Structure-based biosecurity screening for AI-designed proteins.
Current DNA synthesis screening tools compare sequences against databases of known pathogens using sequence homology. AI protein design tools (RFdiffusion, ProteinMPNN) can now generate novel sequences that fold into the same 3D structure as known toxins while sharing near-zero sequence similarity — over 75% of these bypass conventional screening (Wittmann et al., Science 2025).
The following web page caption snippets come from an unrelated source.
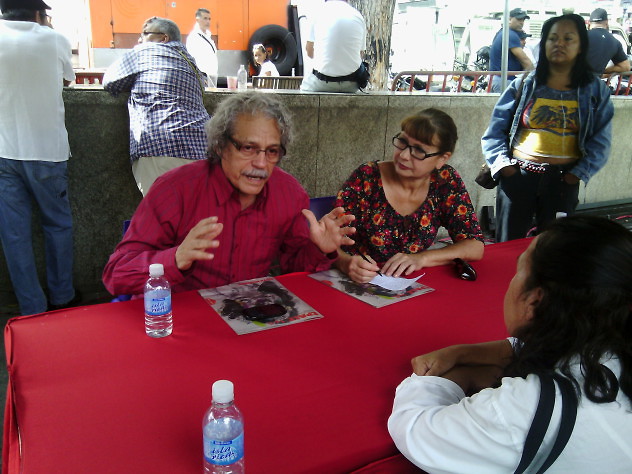 IMG_20160214_143235-632x474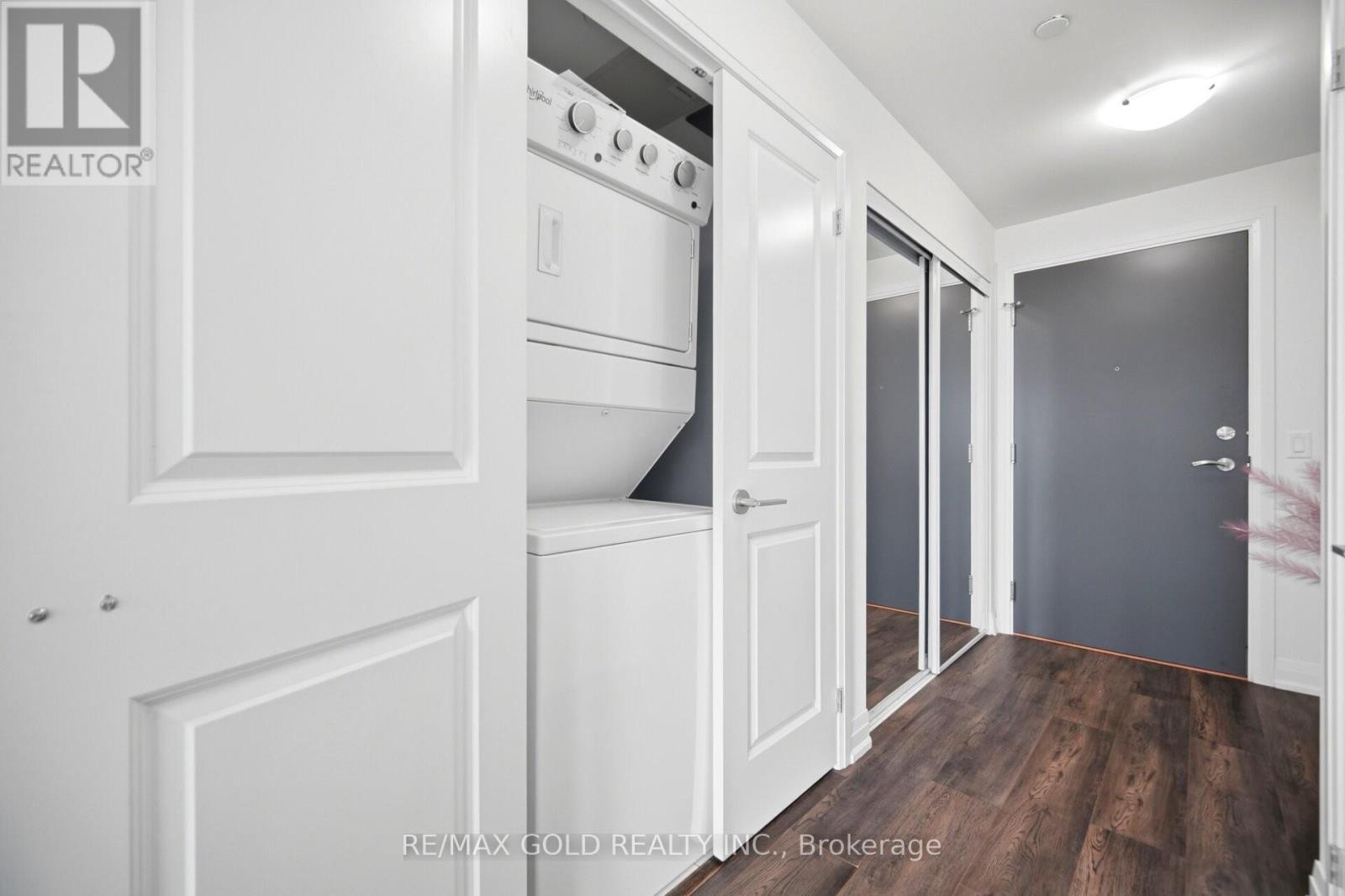 307 - 95 Attmar Drive, Brampton, Ontario  L6P 0Y6 - Photo 16 - W13476620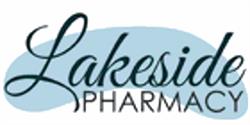 I.D.A. LAKESIDE PHARMACY, Fort St. James, BC opening hours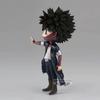 Banpresto My Hero Academia Q Posket Dabi A - - - Ver. (MHA)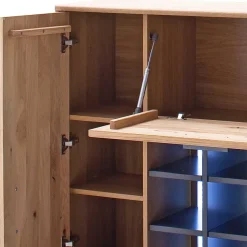 Pharao24 Highboard Vruamosa><noscript><img width=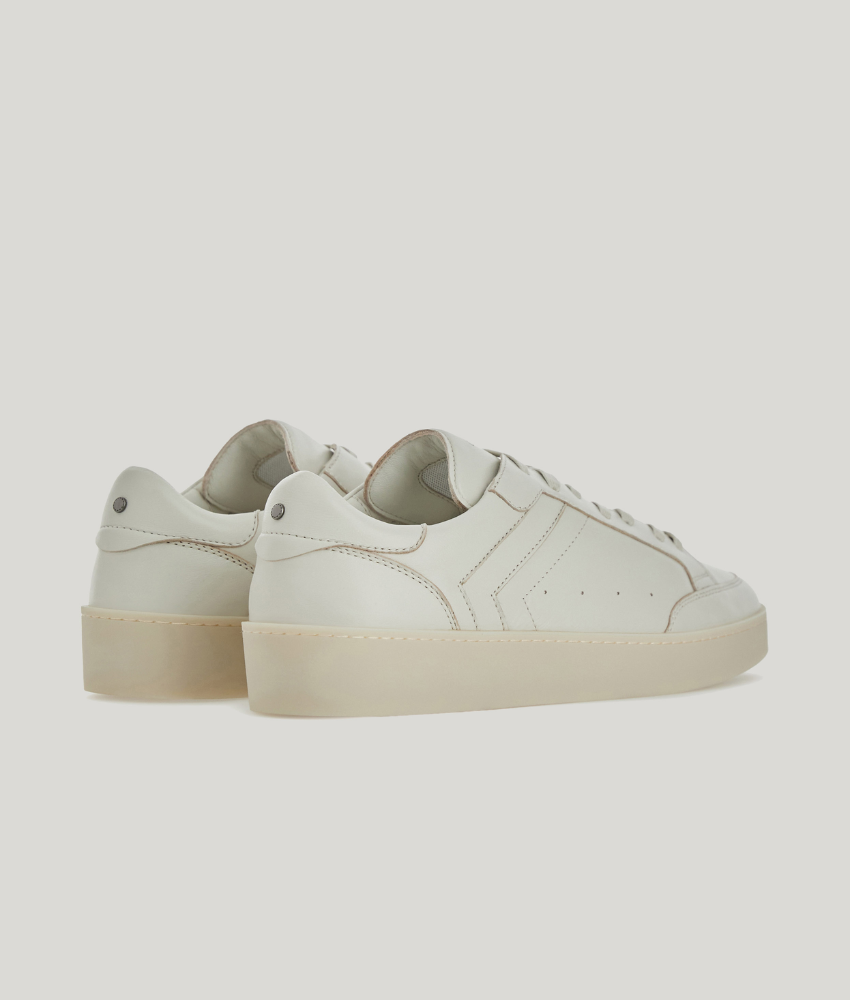 Canali Nuvola Sneakers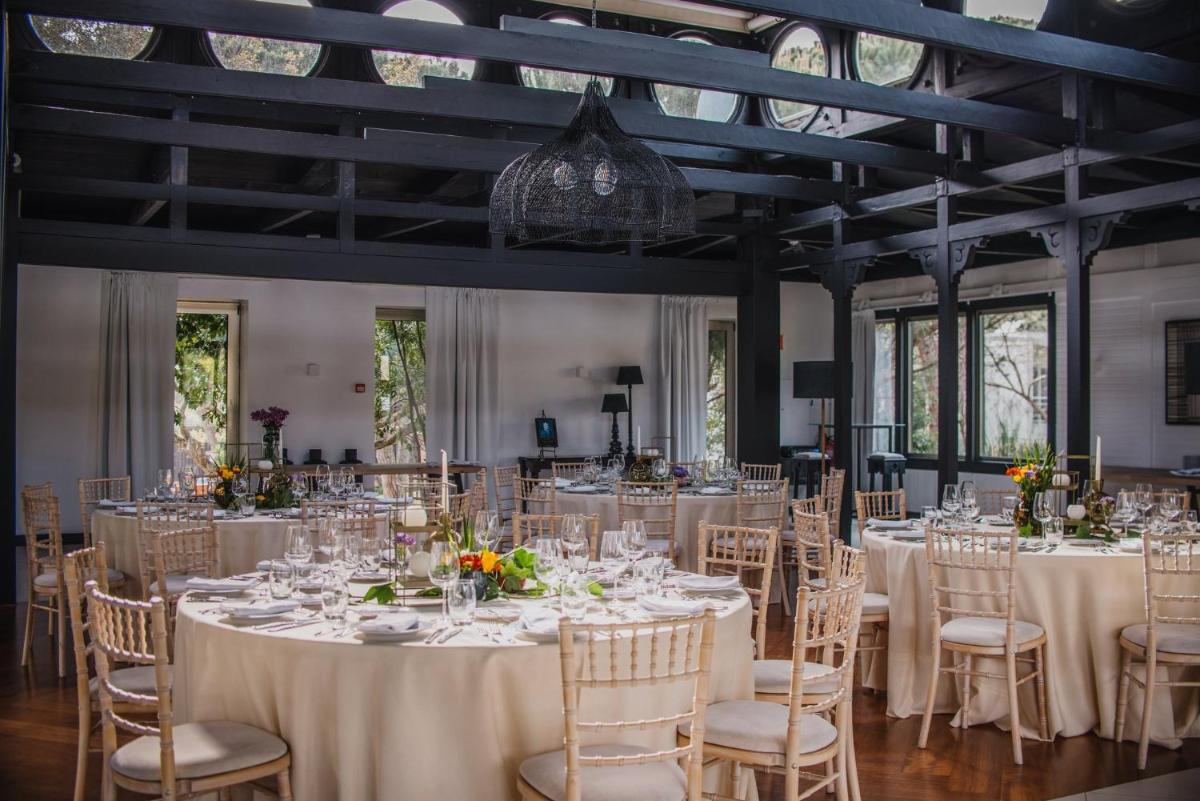 Onyria Marinha Cascais, Vignette Collection by IHG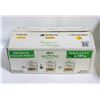 Image 1 : 5 PACK OF RUMMO ORGANIC ITALIAN PASTA VARIETY MIX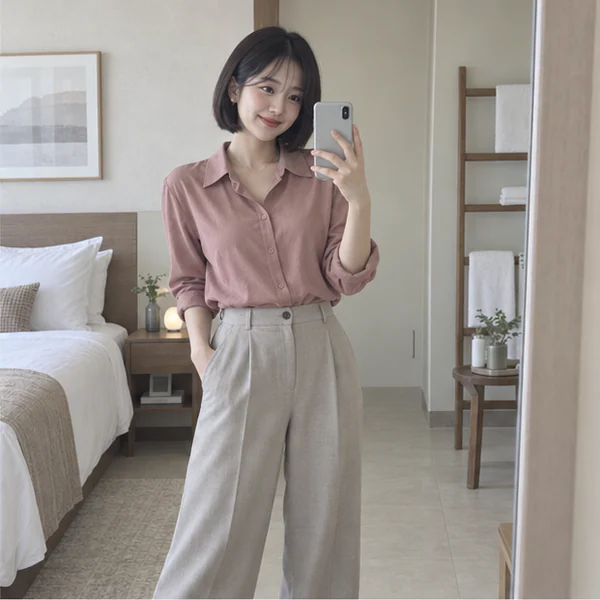 성남 금광 은비 스튜디오 안내 이미지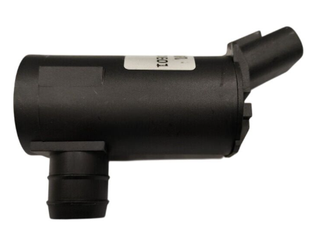 Windshield Washer Fluid Reservoir Motor for Changan UNI-V C281F271805-0500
BioScreen has two components: (1) per-sequence screening that evaluates what a protein does, not what it looks like, using 3D structure prediction, active-site geometry, and functional annotation; and (2) session/behavioral monitoring that tracks queries across a session to detect convergent optimization — someone iterating toward a dangerous structure even if each individual query looks benign.
Amino Acid Sequence
│
├──→ ESM-2 Embedding ──→ FAISS cosine sim vs toxin DB ──→ Embedding Risk Score
│
├──→ ESMFold (3D structure) ──→ Foldseek structural alignment ──→ Structure Risk Score
│
└──→ Function Prediction (GO terms / EC numbers) ──→ Function Risk Score
│
└──→ Combined Risk Assessment (0–1)
Fast path (~seconds, CPU): ESM-2 embeddings → cosine similarity against pre-computed toxin database.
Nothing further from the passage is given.